The Book Of Hidden Things by Francesco Dimitri

In all honesty, I can’t decide whether I liked that ending or not. It sorta demands more storytelling when this book is clearly complete as it is, and while I could not help but smile in satisfaction at the last word of the novel, I also felt — in hindsight and not, crucially, at the time itself — that it leaves things open-ended in a way that is less “here, go play with your imagination and interpret as you will” and more “teehee, there is more that I’m not telling you, too bad.” Which, for a book named after the book written by one of the main characters, the charismatic and possibly insane Art, is fitting despite, and perhaps in some small part because of, how unsatisfying it can feel.

Well there, that’s enough metaphysics in fiction for this review: let’s talk about the plot. Four friends return to their small hometown in the south of Italy every year to catch up on old times. There’s art photographer Fabio, lawyer Mauro, surgeon Tony, and Art, who lives in Casalfranco again after years of gadding about abroad.
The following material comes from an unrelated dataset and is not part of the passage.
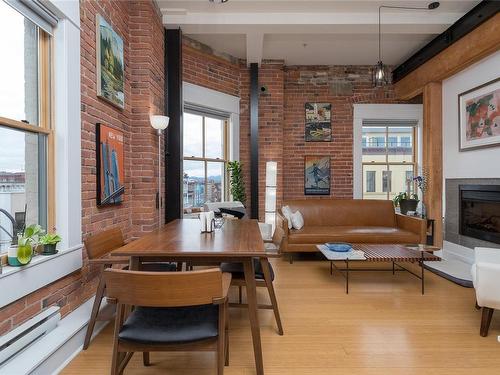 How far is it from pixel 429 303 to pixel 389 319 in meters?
0.63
Only this year, Art doesn’t show up, and the three friends’ search for their missing mate sets into motion a tale that is partly fantastical, uniquely Italian and wholly mature.

See, it’s been so long since I’ve read adult fantasy that I’ve almost forgotten how weirdly real it feels compared to YA. To a certain extent, it’s hard to really categorize The Book Of Hidden Things as a fantasy novel, when the three friends easily concoct reasonable explanations for most of what they run into. TBoHT is primarily a book about friendship, a deep dive into the psyches of these very different men and the roads they’ve taken since leaving their small town beginnings. There is betrayal and violence but above all a deep and abiding bond between the four of them. TBoHT is a celebration of male friendship that also examines family ties and religion in ways that are even-handed and convincing. I was a little concerned, at the beginning, that the women in the book would be cardboard cutouts, and while they’re clearly supporting characters, they are complex and strong and their own people, not merely consigned to being passive wives and sisters and girlfriends.

Shockingly, this is the author’s first book in English, after establishing himself as a master of fantasy in Italian. I’m so glad Francesco Dimitri has decided to write in English, as it really allows those of us unfamiliar with his mother tongue to enjoy his writings as he intends them (no slight to translators, who do very important work, but nuance occasionally gets lost when writing from the original.) His depiction of an Italy that is at once modern, fantastic and deeply rooted in history is a joy to experience.

Oh! I should warn you: the depiction of the hanged dog on the cover is accurate to the contents of the book, so if that kind of thing bothers you, you might want to skip this.